> [What is required]: In the material below, the lines between the one holding "Caterpillar CAT Brown Hoodie (Category: Hoodies)" and the one holding "A close-up view", inclusive, are to be set down word for word. Pictures stay out.

> [Data listing]:
::::

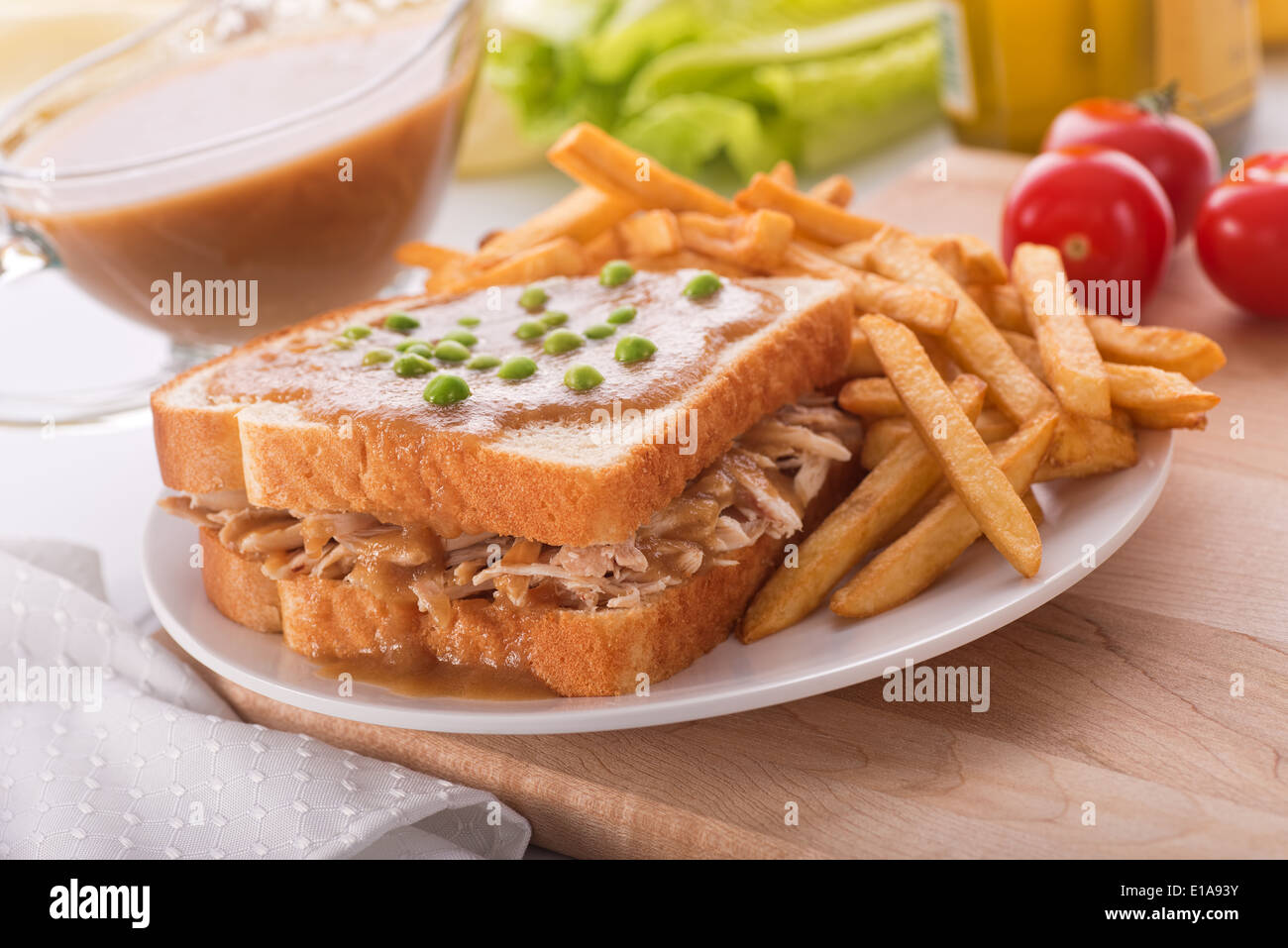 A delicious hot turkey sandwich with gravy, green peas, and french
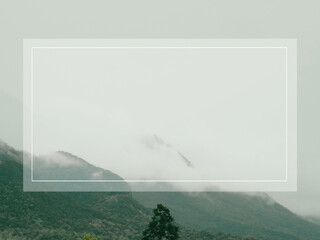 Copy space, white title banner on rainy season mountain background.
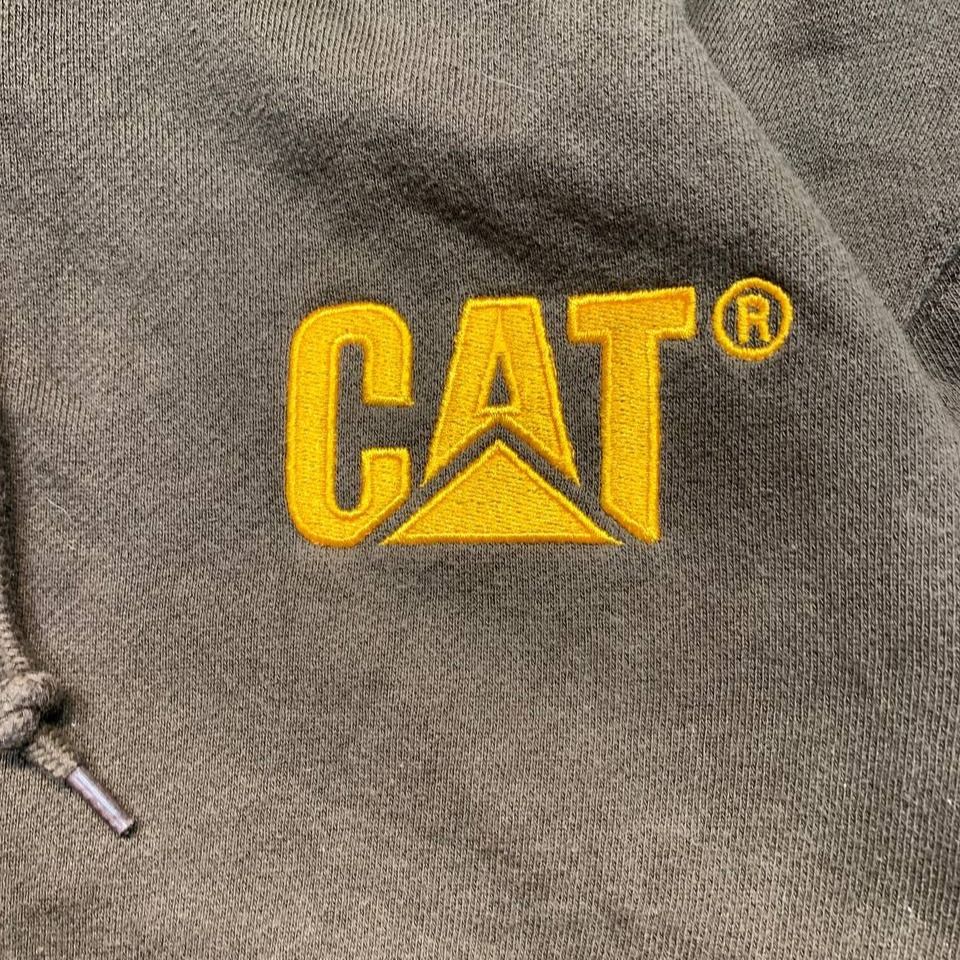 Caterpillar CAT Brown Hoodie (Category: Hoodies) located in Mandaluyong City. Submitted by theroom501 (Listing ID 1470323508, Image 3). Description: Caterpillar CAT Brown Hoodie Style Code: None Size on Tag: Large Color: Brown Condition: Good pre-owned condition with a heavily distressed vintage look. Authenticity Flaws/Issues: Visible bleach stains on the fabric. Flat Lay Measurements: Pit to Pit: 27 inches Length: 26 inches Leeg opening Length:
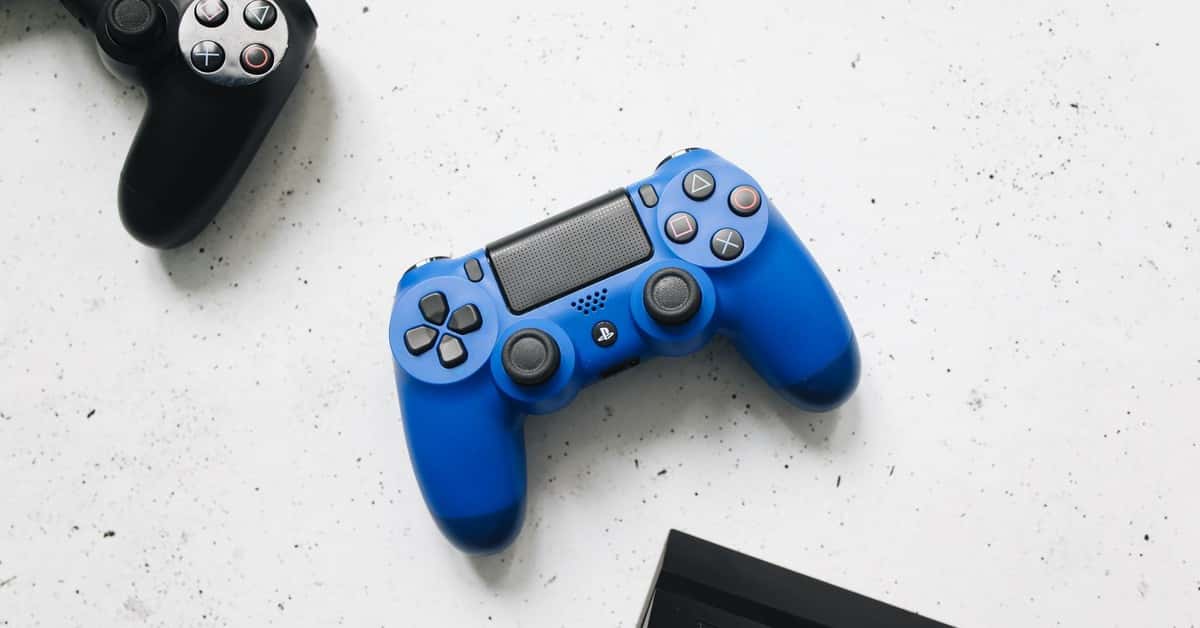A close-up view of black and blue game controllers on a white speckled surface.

::::

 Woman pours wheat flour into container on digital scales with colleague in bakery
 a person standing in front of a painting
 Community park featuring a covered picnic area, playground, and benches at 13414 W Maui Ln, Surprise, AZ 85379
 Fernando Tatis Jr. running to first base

::::

> [Result]:
 Caterpillar CAT Brown Hoodie (Category: Hoodies) located in Mandaluyong City. Submitted by theroom501 (Listing ID 1470323508, Image 3). Description: Caterpillar CAT Brown Hoodie Style Code: None Size on Tag: Large Color: Brown Condition: Good pre-owned condition with a heavily distressed vintage look. Authenticity Flaws/Issues: Visible bleach stains on the fabric. Flat Lay Measurements: Pit to Pit: 27 inches Length: 26 inches Leeg opening Length:
A close-up view of black and blue game controllers on a white speckled surface.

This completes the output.